La cena

La cena


II

Al tavolo convennero i delegati, sei per parte. A servire una sceltissima mescola di camerieri provenienti da tutte le etnie, culture e religioni del globo. Il caposala ricevette le più pressanti disposizioni specialmente da parte dei delegati dei poveri: “Vino e porzioni tutte ben divise in parti uguali, e che nessuno ne abbondi”.

Dal canto loro il partito dei ricchi premeva perché nei loro piatti arrivasse “una patata in più; un fagiolino un poco più lungo; parti scelte” e simili. Volevano far pesare il loro prestigio.

Giunse dunque l’ ora della cena, e davanti alle telecamere di tutto il mondo, i delegati sedettero a tavola. Fu portato il primo antipasto: involtini di cacio e peperoncini boliviani triti a salvia del luogo. Prese parola il primo delegato, della parte dei ricchi: “Amici, con i più calorosi omaggi da parte di tutte le autorità mondiali, e con lo sguardo di tutti gli abitanti della terra rivolto a questo cenacolo, ci assumiamo un compito grave: dobbiamo dunque venire a patti perché le grandi risorse della terra siano finalmente distribuite fra tutti gli abitanti in misura dignitosa ed equa”. Ciò detto risedette, cominciando ad abbuffarsi sopra gli involtini e trascurando il vicino.

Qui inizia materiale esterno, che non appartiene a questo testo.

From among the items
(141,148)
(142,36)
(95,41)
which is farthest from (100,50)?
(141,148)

Prese allora parola il primo delegato della fazione dei poveri: “Fratelli, voi vedete cosa non funziona: non basta ai ricchi di essere ricchi e rimpinzarsi di tutte le cose buone che ci sono sulla terra – che invero dovremmo aver cura di partecipare nella misura minima a tutti – ma voi volete anche riempirvi lo stomaco, oltre che del nostro, anche di belle parole che non portano a nulla. Se voi faceste i ricchi, senza darvi pensiero di aiutarci, noi soffriremmo meno: questo è il messaggio che vi porto da parte poveri più poveri della terra: “Siamo stufi che voi vi preoccupiate di noi! Con tutta la vostra preoccupazione infatti, non siete in grado di smuovere la nostra condizione di un millimetro”. Dopodiché si tacque per circa un minuto.